En nombre de los presentes, y también de los que vendrán, Pedro contestó a Jesús que era su salvador. Por eso se quedarán con él y lo seguirán. No lo habían comprendido todo, pero intuyeron la unicidad y la preciosidad de la relación con Jesús. Nadie jamás había hablado como él, nadie los había amado tan de cerca, nadie les había tocado tan profundamente el corazón, nadie les había dado la tarea y la energía que Jesús les dio. ¿Cómo podían abandonarle? A diferencia de los discípulos que “ya no andaban con él”, Pedro y los demás once continuaron siguiéndole, escuchándole, queriéndole, como sabían. No desaparecieron sus mezquindades. La salvación para aquellos Doce, como para los discípulos de todos los tiempos, no consiste en no tener defectos ni culpas, sino únicamente en seguir a Jesús. Porque ¿dónde iban a encontrar a otro maestro como él? La respuesta de Pedro manifiesta toda la fuerza atractiva de Jesús y la adhesión afectuosa del apóstol. Las palabras de Pedro conservan todavía hoy toda su fuerza. Verdaderamente, ¿a quién vamos a ir nosotros para encontrar palabras de vida?
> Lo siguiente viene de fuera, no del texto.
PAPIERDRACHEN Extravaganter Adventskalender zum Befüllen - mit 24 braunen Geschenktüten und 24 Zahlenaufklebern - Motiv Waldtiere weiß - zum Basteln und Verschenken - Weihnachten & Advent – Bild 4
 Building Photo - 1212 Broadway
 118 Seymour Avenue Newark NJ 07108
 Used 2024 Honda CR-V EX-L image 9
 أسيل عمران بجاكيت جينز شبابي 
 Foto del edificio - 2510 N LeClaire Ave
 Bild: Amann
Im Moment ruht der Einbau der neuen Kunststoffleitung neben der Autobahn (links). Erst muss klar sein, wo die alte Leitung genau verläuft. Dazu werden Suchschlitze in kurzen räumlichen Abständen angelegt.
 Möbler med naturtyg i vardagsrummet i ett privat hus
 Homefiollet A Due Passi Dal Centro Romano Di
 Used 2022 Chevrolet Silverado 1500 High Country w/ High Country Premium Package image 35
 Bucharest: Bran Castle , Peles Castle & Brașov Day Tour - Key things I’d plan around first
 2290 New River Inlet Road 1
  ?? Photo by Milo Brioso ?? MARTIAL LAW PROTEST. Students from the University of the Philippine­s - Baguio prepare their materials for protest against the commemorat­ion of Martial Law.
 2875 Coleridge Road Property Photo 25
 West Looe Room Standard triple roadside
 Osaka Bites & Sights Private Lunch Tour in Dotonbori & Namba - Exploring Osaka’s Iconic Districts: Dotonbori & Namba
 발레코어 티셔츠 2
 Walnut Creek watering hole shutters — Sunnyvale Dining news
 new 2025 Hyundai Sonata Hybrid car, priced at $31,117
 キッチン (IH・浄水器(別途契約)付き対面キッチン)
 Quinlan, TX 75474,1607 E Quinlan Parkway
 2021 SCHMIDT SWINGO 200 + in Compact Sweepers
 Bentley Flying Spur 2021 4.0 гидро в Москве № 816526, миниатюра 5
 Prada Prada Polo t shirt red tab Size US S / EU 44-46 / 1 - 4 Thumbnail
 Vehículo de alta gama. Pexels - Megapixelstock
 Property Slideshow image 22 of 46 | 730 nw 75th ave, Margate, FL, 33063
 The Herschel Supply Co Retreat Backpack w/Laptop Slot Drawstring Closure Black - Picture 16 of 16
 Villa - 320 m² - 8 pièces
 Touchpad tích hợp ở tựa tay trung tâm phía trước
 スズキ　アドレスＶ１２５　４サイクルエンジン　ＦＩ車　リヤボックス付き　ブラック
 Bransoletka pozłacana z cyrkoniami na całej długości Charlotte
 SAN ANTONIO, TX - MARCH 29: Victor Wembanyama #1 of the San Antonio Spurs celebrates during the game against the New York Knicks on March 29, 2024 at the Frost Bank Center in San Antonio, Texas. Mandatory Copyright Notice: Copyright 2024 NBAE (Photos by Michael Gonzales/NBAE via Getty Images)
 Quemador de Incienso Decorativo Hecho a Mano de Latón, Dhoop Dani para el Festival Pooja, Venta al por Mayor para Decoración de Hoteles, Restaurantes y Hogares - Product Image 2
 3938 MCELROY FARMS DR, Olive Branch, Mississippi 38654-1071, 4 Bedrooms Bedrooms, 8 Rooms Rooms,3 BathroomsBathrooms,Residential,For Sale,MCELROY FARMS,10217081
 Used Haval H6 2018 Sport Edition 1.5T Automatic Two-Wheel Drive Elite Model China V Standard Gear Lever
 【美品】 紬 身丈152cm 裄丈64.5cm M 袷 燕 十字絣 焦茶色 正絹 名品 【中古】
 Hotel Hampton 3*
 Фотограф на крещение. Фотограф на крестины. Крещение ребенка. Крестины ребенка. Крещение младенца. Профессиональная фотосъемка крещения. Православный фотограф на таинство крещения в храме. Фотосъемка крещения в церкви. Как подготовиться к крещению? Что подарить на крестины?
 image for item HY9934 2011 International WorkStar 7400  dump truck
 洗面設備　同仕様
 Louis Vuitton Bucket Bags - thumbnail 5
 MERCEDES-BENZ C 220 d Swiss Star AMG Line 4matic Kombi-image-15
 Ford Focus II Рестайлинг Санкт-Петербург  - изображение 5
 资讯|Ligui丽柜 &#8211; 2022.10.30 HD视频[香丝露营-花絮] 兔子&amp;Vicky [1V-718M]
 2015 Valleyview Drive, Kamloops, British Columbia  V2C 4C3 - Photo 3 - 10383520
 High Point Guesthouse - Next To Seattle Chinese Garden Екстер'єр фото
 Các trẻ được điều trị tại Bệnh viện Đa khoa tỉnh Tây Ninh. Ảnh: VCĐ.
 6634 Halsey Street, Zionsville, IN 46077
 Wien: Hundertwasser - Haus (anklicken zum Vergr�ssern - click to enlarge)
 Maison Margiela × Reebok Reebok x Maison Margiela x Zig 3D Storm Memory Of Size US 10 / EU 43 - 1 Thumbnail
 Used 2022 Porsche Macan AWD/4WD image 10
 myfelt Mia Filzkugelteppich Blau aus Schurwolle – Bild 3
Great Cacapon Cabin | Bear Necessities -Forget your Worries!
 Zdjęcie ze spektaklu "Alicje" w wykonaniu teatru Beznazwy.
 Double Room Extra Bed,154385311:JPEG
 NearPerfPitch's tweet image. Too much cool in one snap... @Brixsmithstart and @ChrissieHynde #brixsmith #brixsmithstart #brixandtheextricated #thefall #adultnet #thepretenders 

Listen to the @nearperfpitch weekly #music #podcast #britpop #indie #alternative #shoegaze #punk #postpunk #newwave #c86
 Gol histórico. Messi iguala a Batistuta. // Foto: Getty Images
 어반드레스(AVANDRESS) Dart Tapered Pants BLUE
La oración es el corazón de la vida de la Comunidad de Sant’Egidio, su primera “obra”. Cuando termina el día todas las Comunidades, tanto si son grandes como si son pequeñas, se reúnen alrededor del Señor para escuchar su Palabra y dirigirse a Él en su invocación. Los discípulos no pueden sino estar a los pies de Jesús, como María de Betania, para elegir la “mejor parte” (Lc 10,42) y aprender de Él sus mismos sentimientos (cfr. Flp 2,5).

Siempre que la Comunidad vuelve al Señor, hace suya la súplica del discípulo anónimo: “¡Señor, enséñanos a orar” (Lc 11,1). Y Jesús, maestro de oración, continúa contestando: “Cuando oréis, decid: Abbá, Padre”.

Cuando oramos, aunque lo hagamos dentro de nuestro corazón, nunca estamos aislados ni somos huérfanos, porque somos en todo momento miembros de la familia del Señor. En la oración común se ve claramente, además del misterio de la filiación, el de la fraternidad.

Las Comunidades de Sant'Egidio que hay por el mundo se reúnen en los distintos lugares que destinan a la oración y presentan al Señor las esperanzas y los dolores de los hombres y mujeres “vejados y abatidos” de los que habla el Evangelio (Mt 9,37). En aquella gente de entonces se incluyen los habitantes de las ciudades contemporáneas, los pobres que son marginados de la vida, todos aquellos que esperan que alguien les contrate (cfr. Mt 20).

La oración común recoge el grito, la aspiración, el deseo de paz, de curación, de sentido de la vida y de salvación que hay en los hombres y las mujeres de este mundo. La oración nunca es vacía. Sube incesante al Señor para que el llanto se transforme en alegría, la desesperación en felicidad, la angustia en esperanza y la soledad en comunión. Y para que el Reino de Dios llegue pronto a los hombres.